Autumn/Winter 2018, Berlin

This is the fourth entry in a series in which writers give a report on the weather. Any meteorological statements made may range from the personal to the scientific, from observable weather to the felt. Read the first entry, by Andrew Durbin; the second entry, by Amina Cain; the third entry, by Madeleine Watts.

Evening in Berlin arrives by noon. For the five weeks in November and December that I lived there on an apartment swap, I found myself surrounded by sopping dark—a dark that clung to the mishmash of buildings, parks, snaking canals, bars, apartments, galleries, and Stolpersteine. Kafka wrote in his diaries: “All things possible do happen, only what happens is possible.” That’s weather, and it’s the weather in Berlin, where evening always ticks with promise. More beer, more dancing, more of everything. On brighter days, clouds were flecked with pink and orange light at their downy trim, the stuff of Renaissance backgrounds in scenes from the Crucifixion, but mostly morning and afternoon alternated between the humdrum colors of winter: pigeon’s feather—white spruced with mute blue—and wet cement. Night was starless: a Sachertorte of sky.

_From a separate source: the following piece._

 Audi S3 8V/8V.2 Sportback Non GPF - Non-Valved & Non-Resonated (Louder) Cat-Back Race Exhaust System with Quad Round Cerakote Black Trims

I drifted about town for the first few weeks, wrote to friends, read, ate in a cafeteria housed in a grocery chain at the end of my block where, once, I ran into Heji, a friend from New York, who seemed surprised to hear me say I enjoyed the boiled meats. Days often thinned to rain, and a faint mist hung across the whole of the central European plain for most of autumn, or at least the part occupied by Berlin, a city both schismatic and ever new. It huddles in the crater of its past, but signs of the post-war split between Marshall Plan capitalism and Soviet socialism are fewer and fewer; the 29th anniversary of the wall’s fall occurred during my stay without much fanfare—and so, the last century continues to fade to black.

In my first days, I thought I might have made a mistake in committing to the swap for so long. I worried my writing days (I had come to work on a book) might be derailed by booze and boredom, nights at Würgeengel (that’s Exterminating Angel, pace Buñuel), Möbel Olfe, Bar Lugosi, Victoria Bar, and Café Einstein. I also spent too many hours thinking up ways to waste my day, whether by shopping or walking the parks, only to end up nowhere, or in the dark. I read diaries and novels and wrote in my notebook. I drafted emails to friends back home—some were sent, others not.

I wrote to Masha often from a gay bar on Mehringdamm....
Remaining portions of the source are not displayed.